Duraflame, Inc. v. Hearthmark, LLC, 2013 WL 12177870, No. CV 12-01205 (N.D. Cal. Feb. 2, 2013)

Duraflame alleged that many people bought Duraflame’s artificial firelogs because they used renewable resources, and consumers are willing to pay a premium to purchase such products. Hearthmark also markets “natural” firelogs made from “renewable” resources, but Duraflame alleged that consumers wouldn’t think that such firelogs contained or were derived from petroleum, coal, natural gas or petrochemicals, and that Hearthmark’s firelogs did.

In addition, Duraflame alleged that Hearthmark reduced the weight of its firelogs and began selling them as “2 Hour Fire,” “3 Hour Fire,” or “4 Hour Fire” logs, which was likely to lead consumers to believe that the new, lighter “2 Hour Fire” firelog was comparable to the three-pound firelog that had been marketed as burning for up to two hours, etc.  Duraflame also alleged that a substantial percentage of defendant’s products fail to burn for the length of time advertised on the package.

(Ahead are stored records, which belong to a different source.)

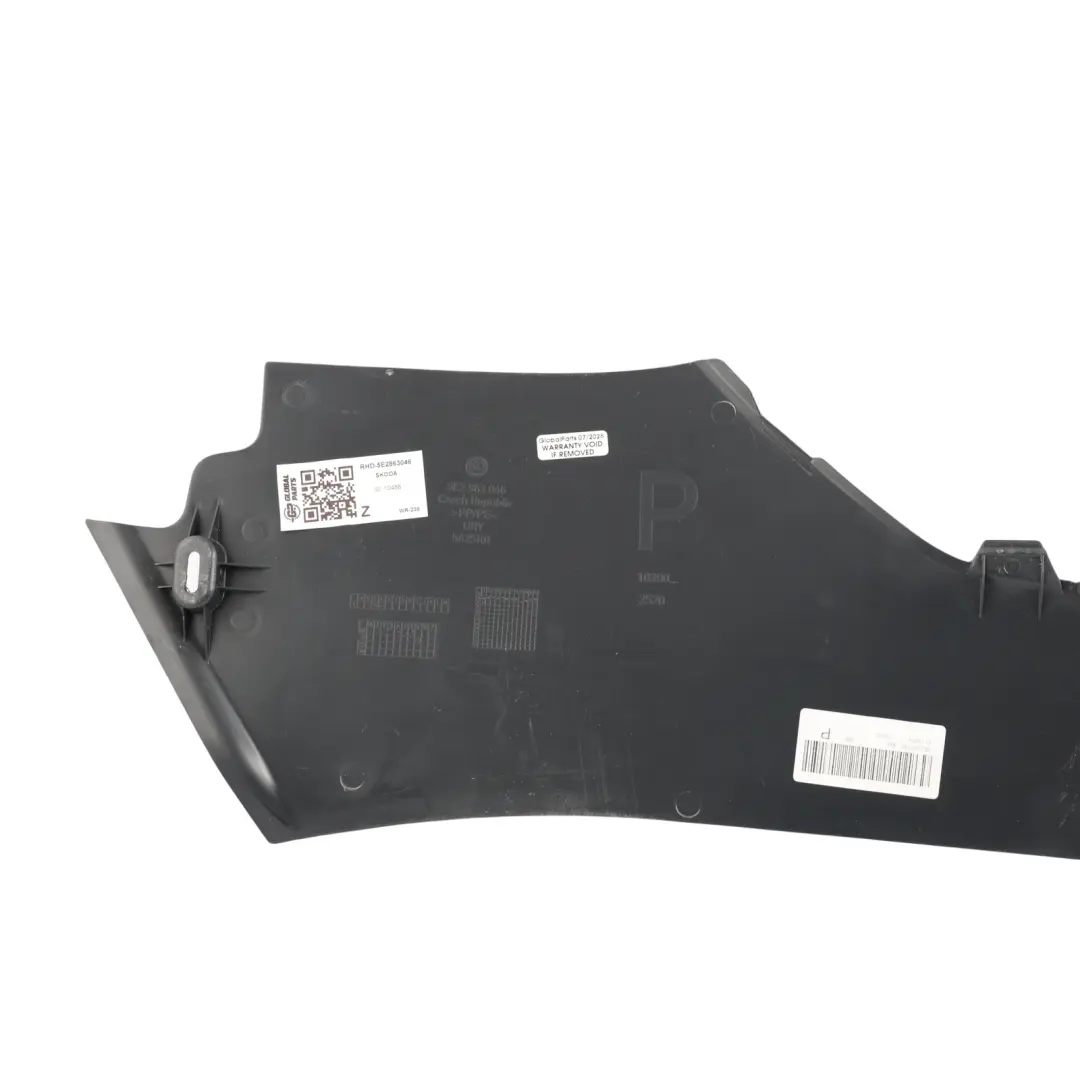 Mk3 Centre Console Trim Cover Panel Moulding Right O/S to Skoda Octavia with Part number 5E2863046 Skoda Octavia Mk3 Centre Console Trim Cover Panel Moulding Right O/S - SKU RHD-5E2863046 - Part number 5E2863046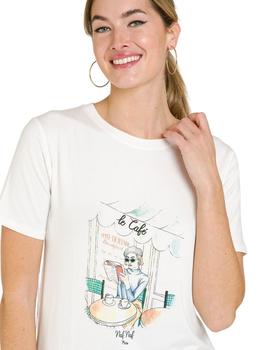 Camiseta Naf Naf Beige Dibujo Para Mujer
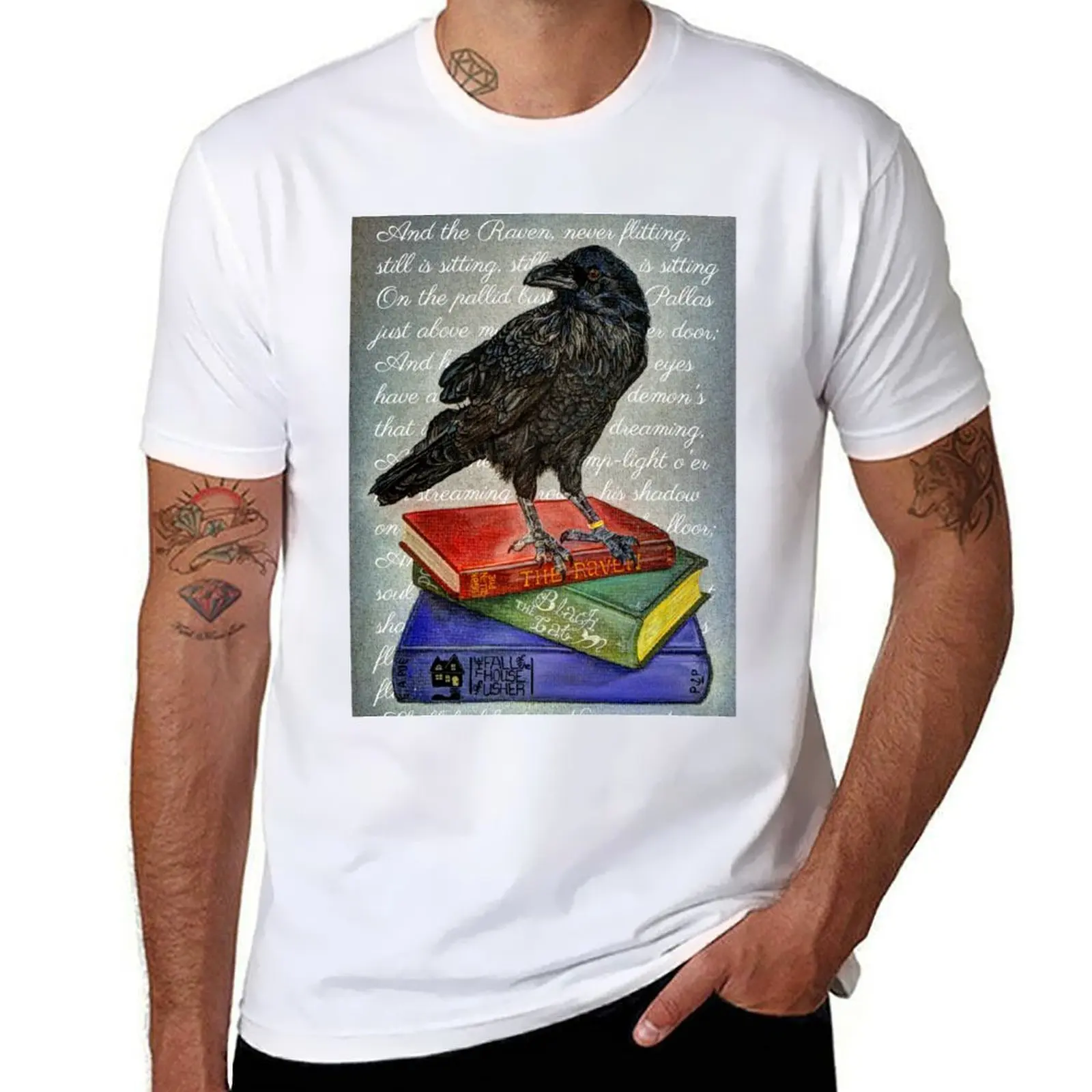 

Surreal Raven - Original Artwork - Inspired by Edgar Allan Poe Poem T-Shirt Work Wear Breathable Tee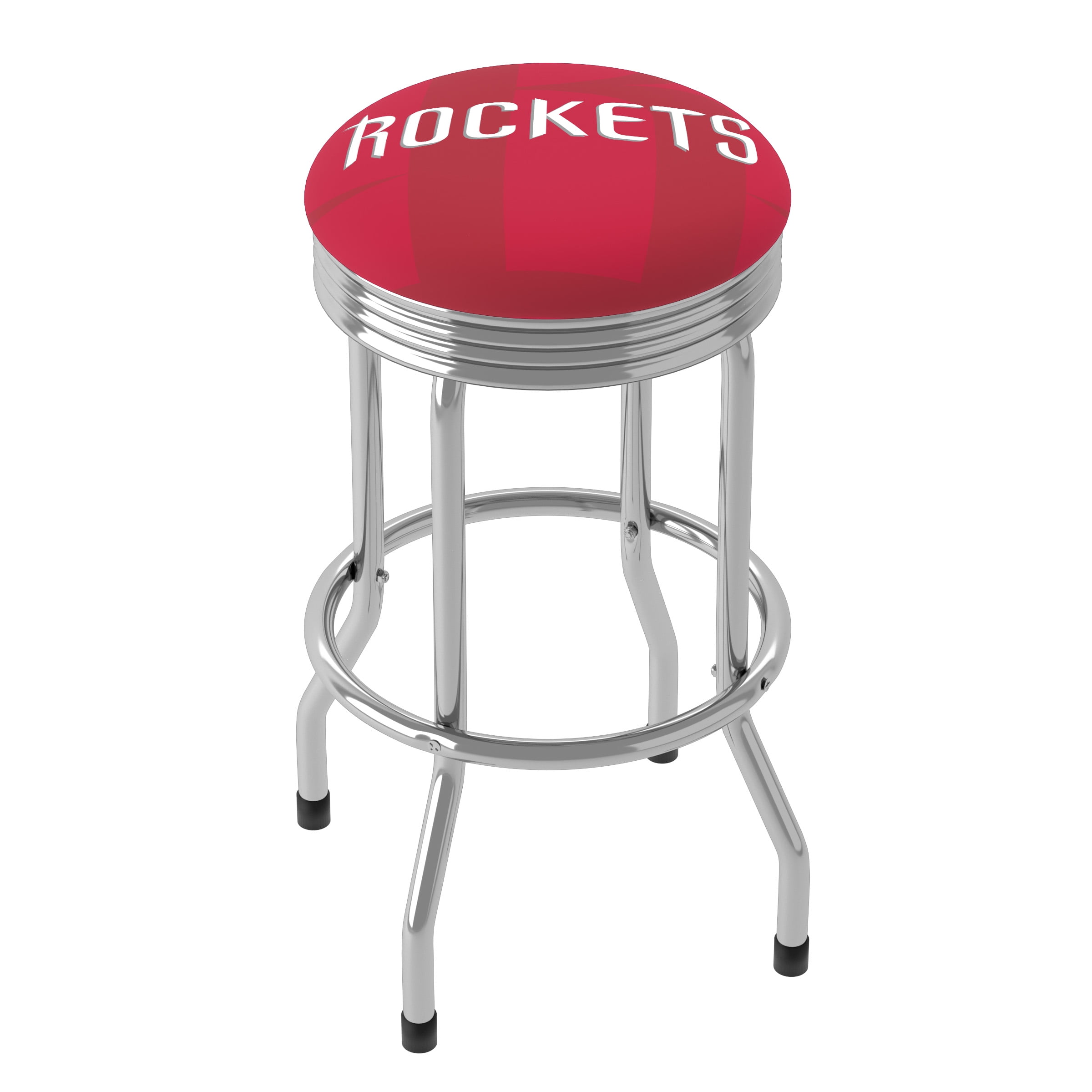 Trademark Gameroom Houston Rockets Fade Chrome Ribbed Barstool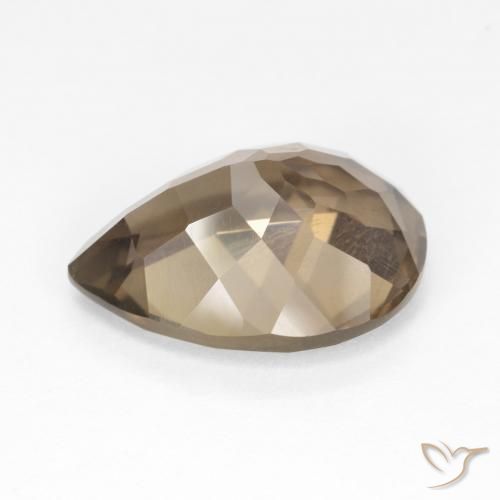 Quarzo fumé Medium Light-Brown naturale da 6.31 ct, Forma a pera, VVS-VS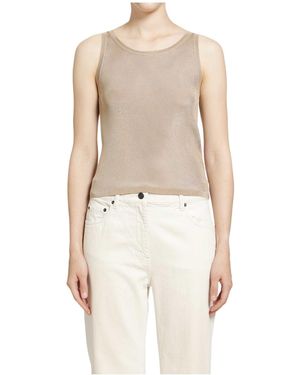 Saint Laurent Round Neck Sleeveless Top - Natural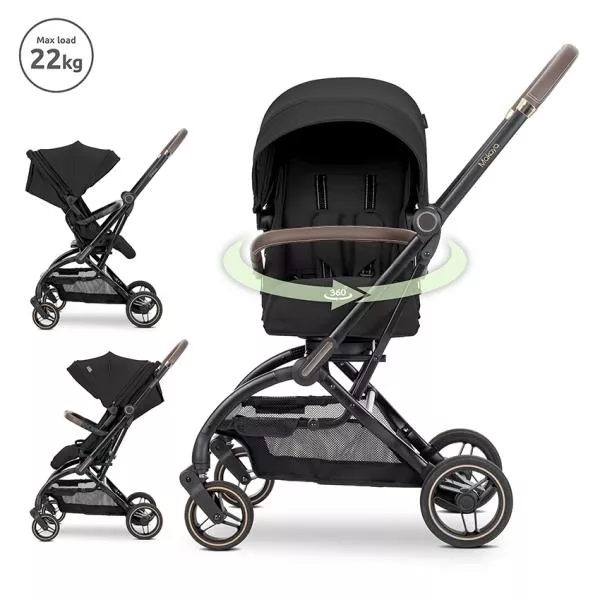 Carucior pentru nou-nascut, Makaya, cu scaun rotativ 360 grade, cadru din aluminiu, pana la 22 kg, Black 1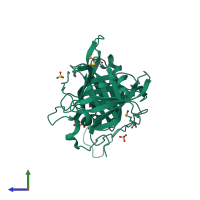 PDB entry 4kh8 coloured by chain, side view.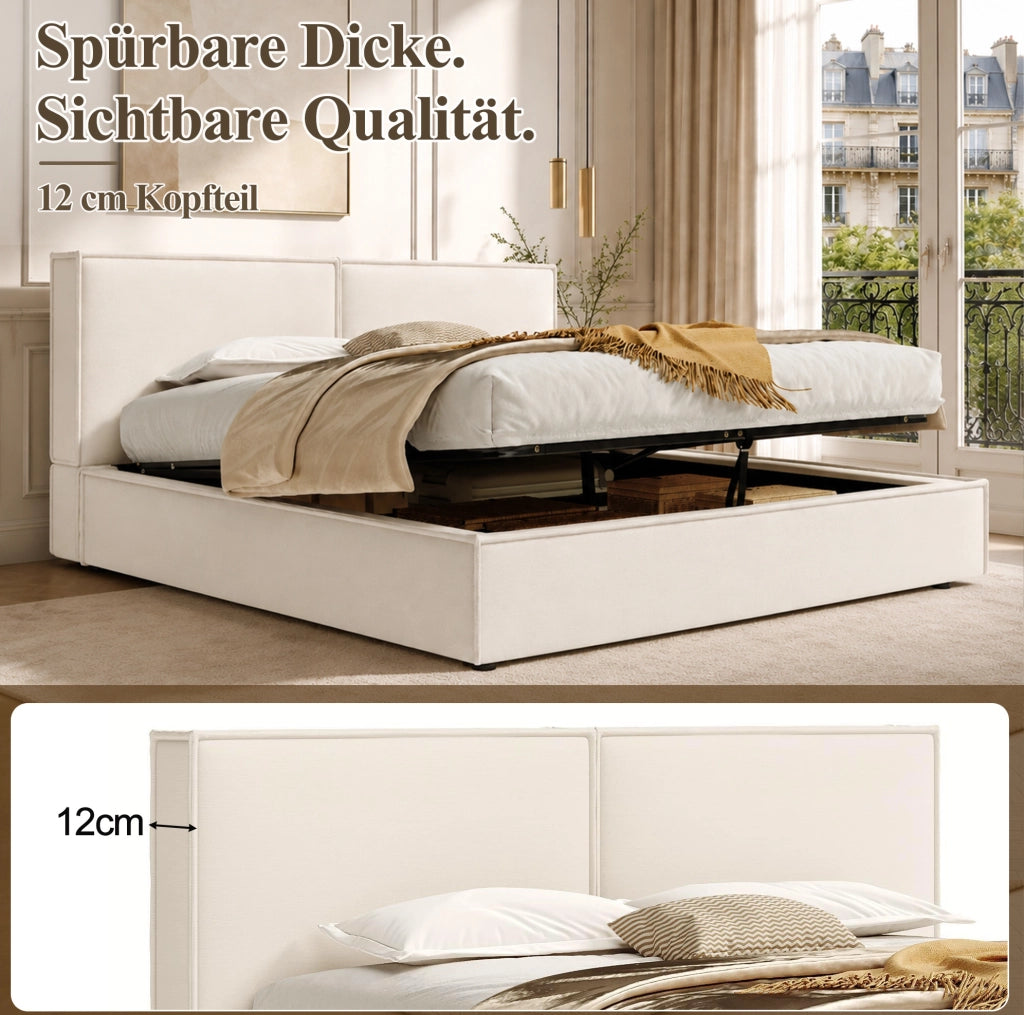 Letto matrimoniale 180x200 cm con contenitore idraulico; testiera imbottita in lino beige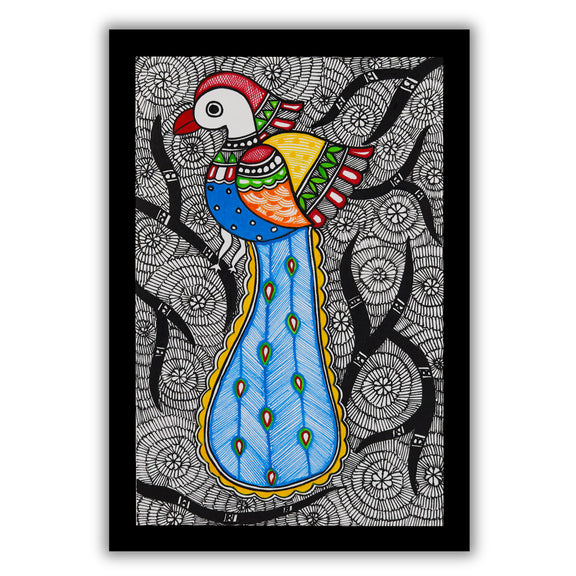handmade madhubani painting painting peacock-in vibrant traditional folk art style
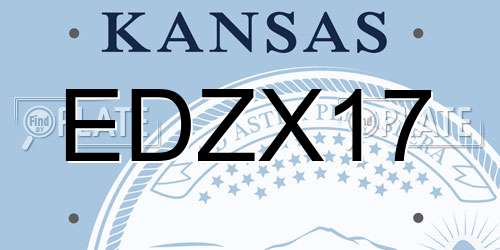 EDZX17 Kansas License Plate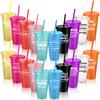 20 Unidades Copos Agradecimento Atacado 24 Oz Copos de Plástico Inspiradores Glitter Copos Reutilizáveis Com Palha E Tampa Água Café Gelado B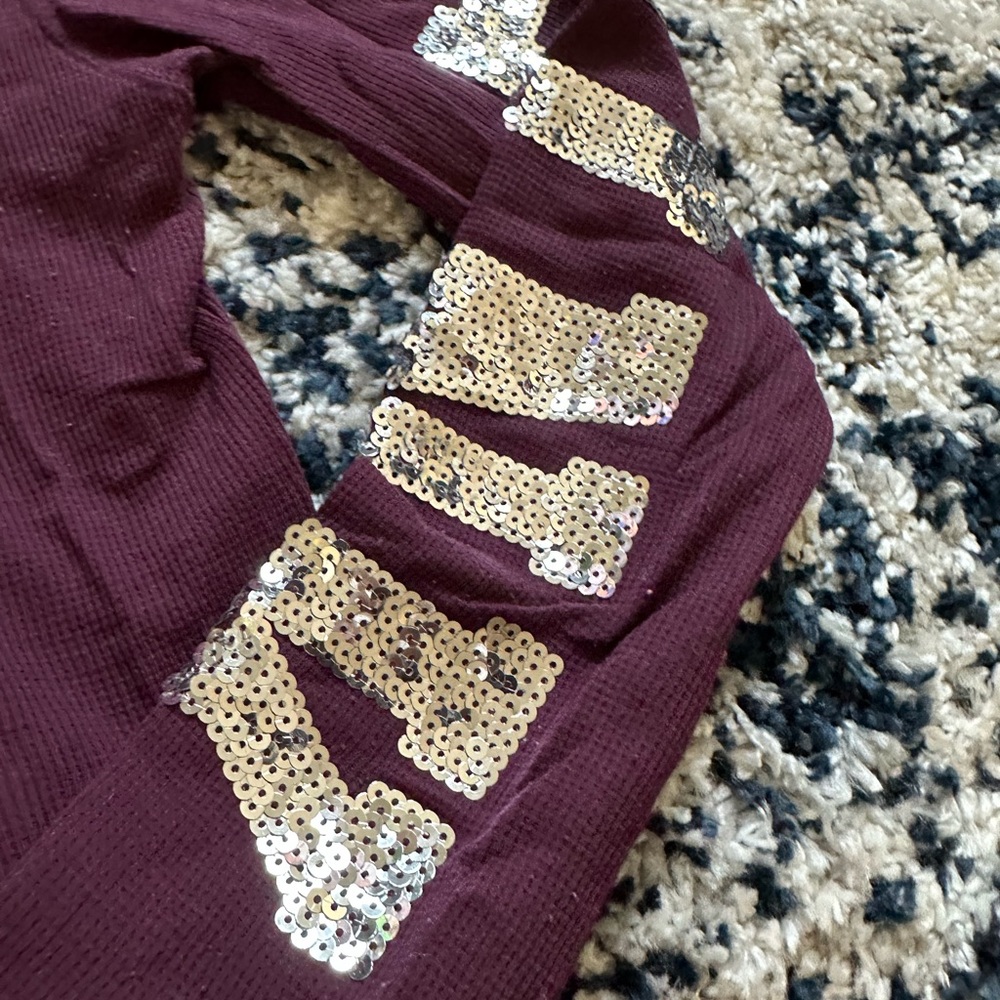 Victoria's Secret Pink Bling Maroon Onesie - Picture 3 of 13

Here, the court denied Hearthmark summary judgment on several issues that recur from time to time.   Hearthmark argued that the terms “natural” and “renewable” have no precise definition within the firelog industry, and that no regulatory body with jurisdiction over the industry has imposed a definition.  But Hearthmark itself dedicated “much of its marketing efforts to educate potential customers on the distinctions between its natural-and petroleum-based products.” Market research apparently confirmed that end consumers both prefer a “plant-based” wax firelog over a petroleum-based one and that a majority are willing to pay a premium for such a product. It was at least a question of fact whether consumers understand “all natural” or “renewable” to be synonymous with “plant-based,” and Duraflame had test results indicating the composition of Hearthmark’s firelogs wasn’t reliably free of petroleum-based materials.  Plus, Hearthmark’s business model is to to produce products similar to Duraflame’s, but to offer them at lower prices, so it was reasonable to infer that Hearthmark’s interpretation of the terms “all natural” and “renewable” was the same as Duraflame’s.

Materiality was also a question of fact for the jury, given that  31% of firelog purchasers say “made from 100% natural materials” is ‘Extremely’ or ‘Very’ important to their purchasing decision. Even if that only showed that consumers generally like the “concept” of “natural” and “renewable” firelogs, such a preference was enough to go to the jury.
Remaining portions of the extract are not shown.